THE DATA |
--- START ---

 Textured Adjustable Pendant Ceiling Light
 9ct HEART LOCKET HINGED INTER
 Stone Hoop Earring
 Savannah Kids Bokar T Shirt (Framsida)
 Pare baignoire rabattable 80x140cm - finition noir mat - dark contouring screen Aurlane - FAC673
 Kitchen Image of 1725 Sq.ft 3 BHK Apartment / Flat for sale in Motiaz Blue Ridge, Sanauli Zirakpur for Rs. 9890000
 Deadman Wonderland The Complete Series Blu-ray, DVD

--- END ---
--- START ---

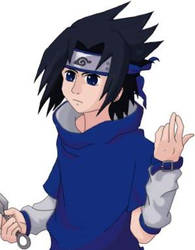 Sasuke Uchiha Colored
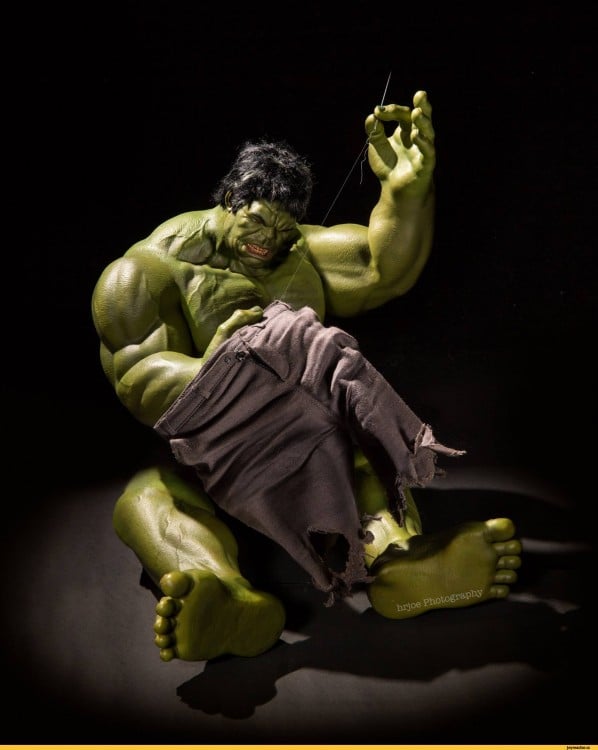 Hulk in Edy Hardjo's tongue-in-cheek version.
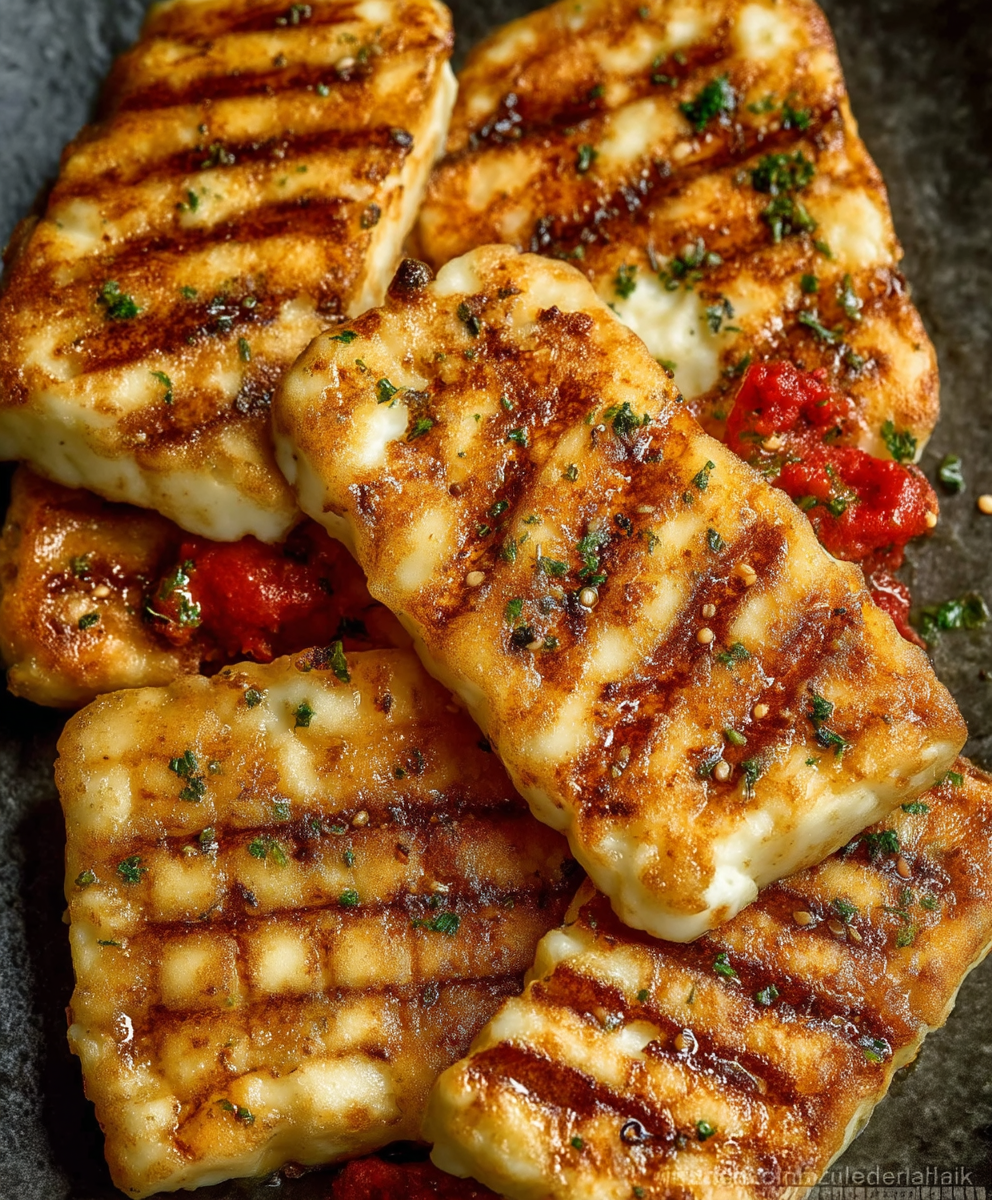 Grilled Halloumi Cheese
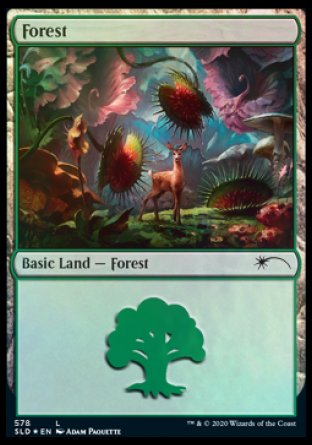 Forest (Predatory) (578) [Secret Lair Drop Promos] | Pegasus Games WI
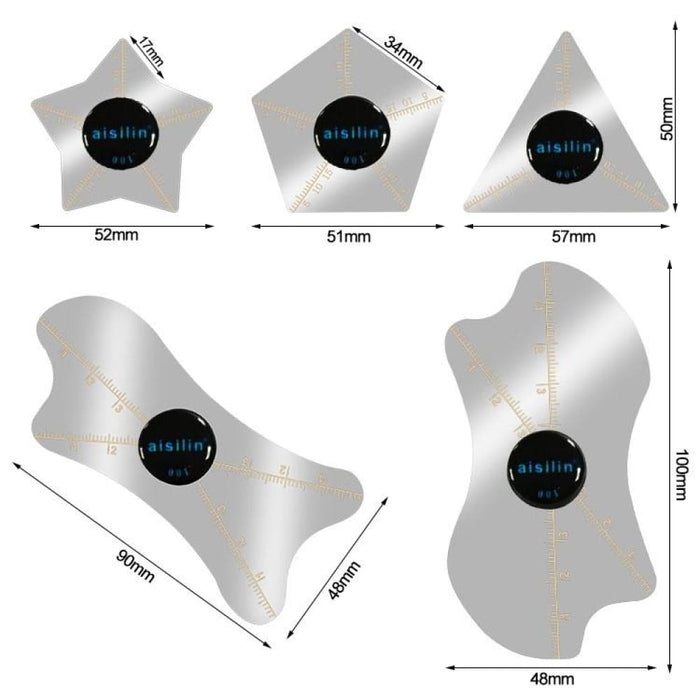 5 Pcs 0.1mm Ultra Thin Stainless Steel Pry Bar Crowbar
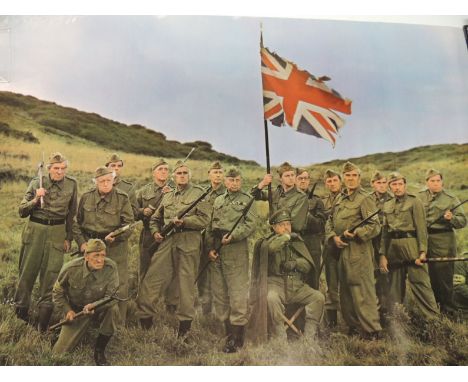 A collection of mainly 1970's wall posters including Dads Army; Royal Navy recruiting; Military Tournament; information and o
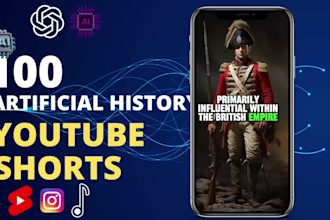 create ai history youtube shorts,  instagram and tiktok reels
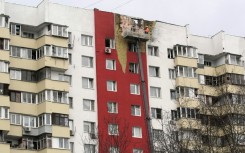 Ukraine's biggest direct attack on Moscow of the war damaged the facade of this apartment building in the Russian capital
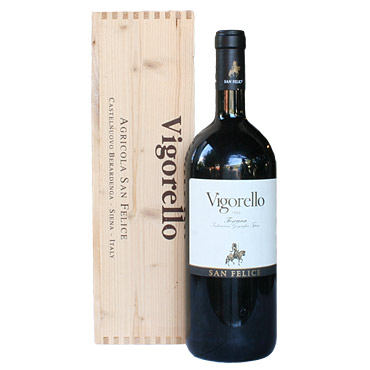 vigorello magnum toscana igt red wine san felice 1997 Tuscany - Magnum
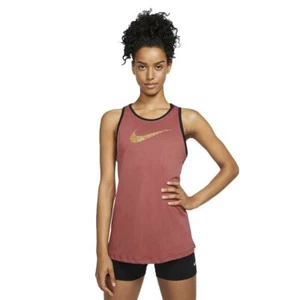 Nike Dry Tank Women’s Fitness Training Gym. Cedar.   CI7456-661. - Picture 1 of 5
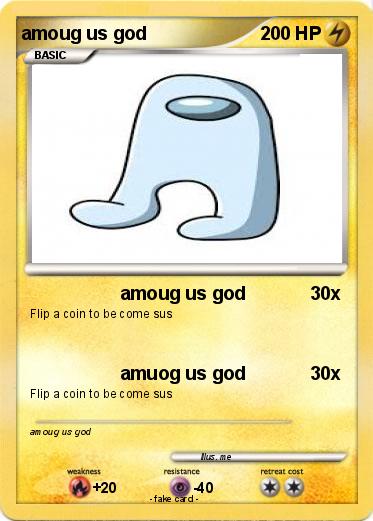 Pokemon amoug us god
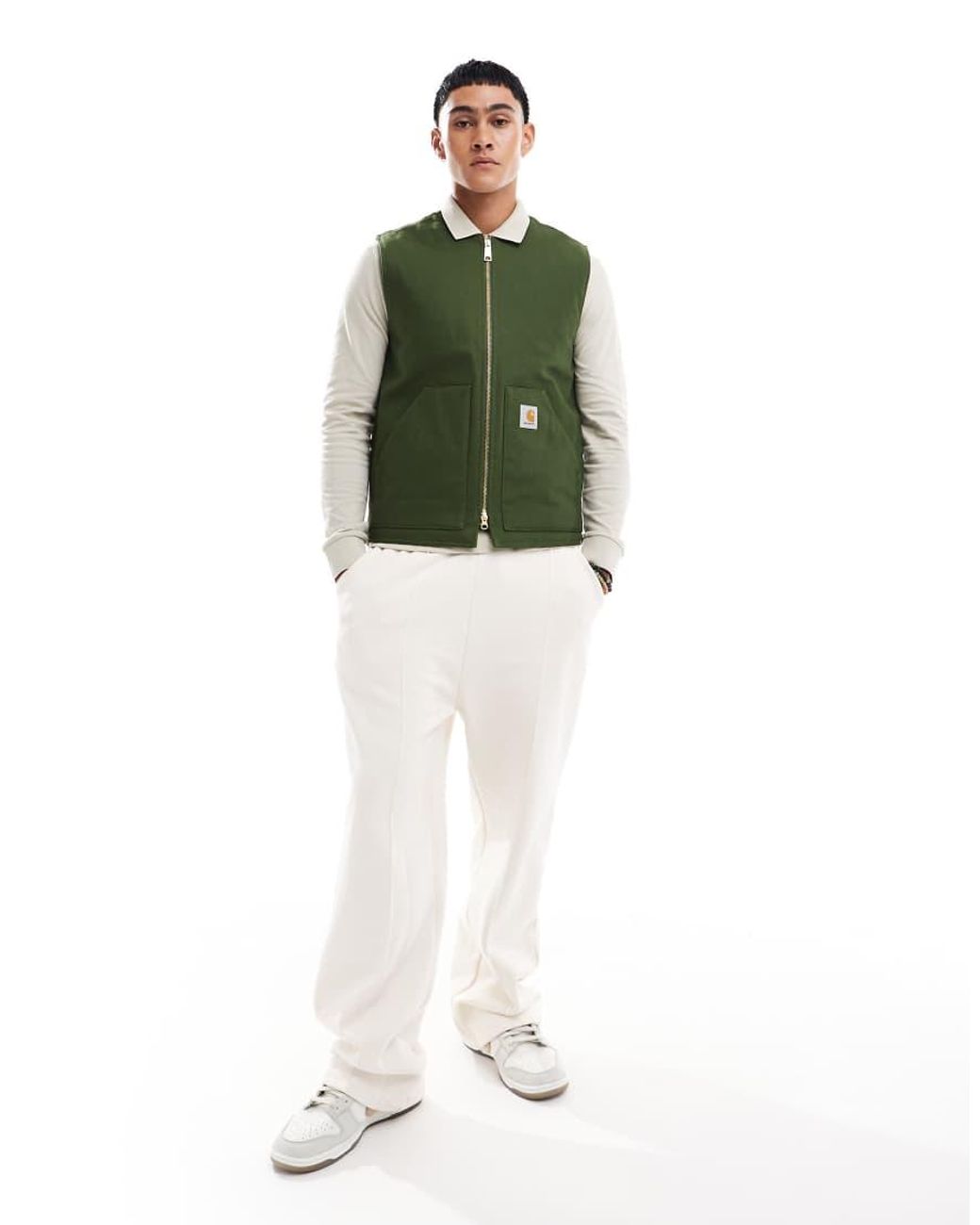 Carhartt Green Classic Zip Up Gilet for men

--- END ---

AIM OF THE TASK |
Using the listing above, repeat word for word each line from the one with "create ai history" down to the one with "Carhartt Green Classic Zip Up Gilet for men", both included. Omit all pictures.

WRITTEN REPLY |
 create ai history youtube shorts,  instagram and tiktok reels
 Ukraine's biggest direct attack on Moscow of the war damaged the facade of this apartment building in the Russian capital
 vigorello magnum toscana igt red wine san felice 1997 Tuscany - Magnum
 Nike Dry Tank Women’s Fitness Training Gym. Cedar.   CI7456-661. - Picture 1 of 5
 Pokemon amoug us god
 Carhartt Green Classic Zip Up Gilet for men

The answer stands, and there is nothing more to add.